Given a set of extracted trips \({\varvec{T}}_{O,D}\) between city O and city D, we define the mode classification problem as follows: Given a trip \(T \in {\varvec{T}}_{O,D}\), find the mode probabilities p(m|T) for \(m \in \{road, rail\}\). The mode probability p(m|T) is the probability that m is the main mode of the trip, meaning that mode m has been used for the major part of the trip’s distance. We assume that all trips are made by either rail or road (where the road mode includes private cars, buses, etc.), as they are the only available options for the OD-pairs considered in this paper. For OD-pairs where options such as air or water (ferry) traffic are viable options, the set of modes needs to be extended accordingly. We can distinguish the following four categories of methods to classify a set \({\varvec{T}}\) of trips by travel mode:

(1) Rule-Based Classification. A trip \(T \in {\varvec{T}}_{O,D}\) is classified using predefined rules based on the characteristics of the particular trip to classify. Kalatian and Shafahi (2016), for example, use the travel speed to distinguish between modes.

(2) Geometric Classification. A trip \(T \in {\varvec{T}}_{O,D}\) is classified by comparing the geometry of the trip with the geometry of infrastructure (such as the railway network) or available route alternatives for each mode. In addition to the cellular network data, these methods also use geometric data describing the transport infrastructure. Examples are found in Qu et al. (2015); Phithakkitnukoon et al. (2017); Breyer et al. (2021) among many others.

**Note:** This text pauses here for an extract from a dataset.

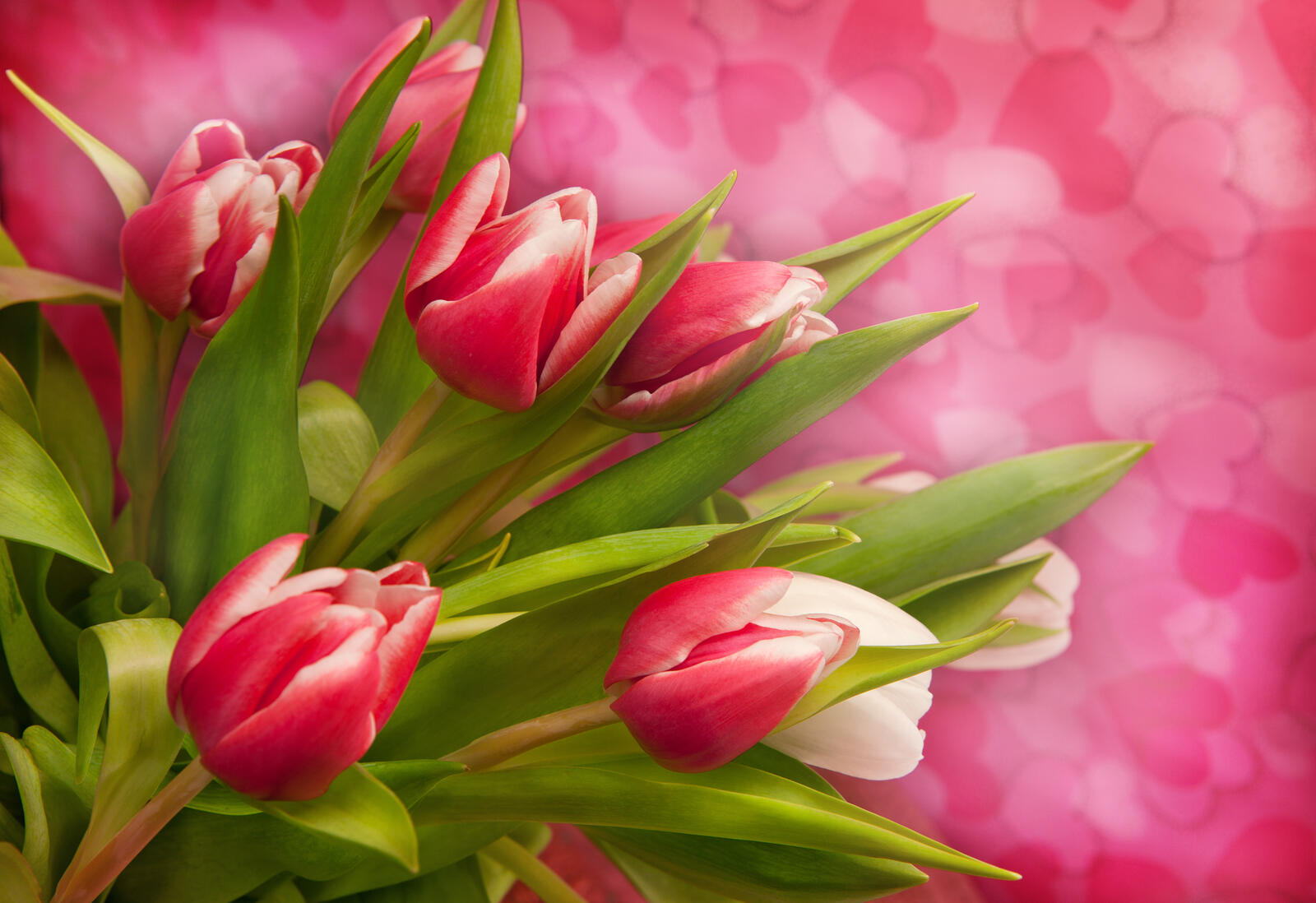 Обои розовый фон флора тюльпаны на рабочий стол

(3) Supervised Classification. A trip \(T \in {\varvec{T}}_{O,D}\) is classified using a supervised classification method which has to be trained using a set of labelled trips \(\varvec{T^*}_{O,D}\) from the same OD-pair with the correct modes known. Examples are found in Breyer et al. (2021); Xu et al. (2011).

(4) Semi-supervised Classification. A trip \(T \in {\varvec{T}}_{O,D}\) is classified by identifying patterns in the large set of unlabeled trips \({\varvec{T}}_{O,D}\) together with a small set of labelled trips \(\varvec{T^*}_{O,D}\) which is labelled manually or automatically using another method (pseudo-labelling). An example of a semi-supervised method is the cluster-then-label approach used in Bachir et al. (2019b).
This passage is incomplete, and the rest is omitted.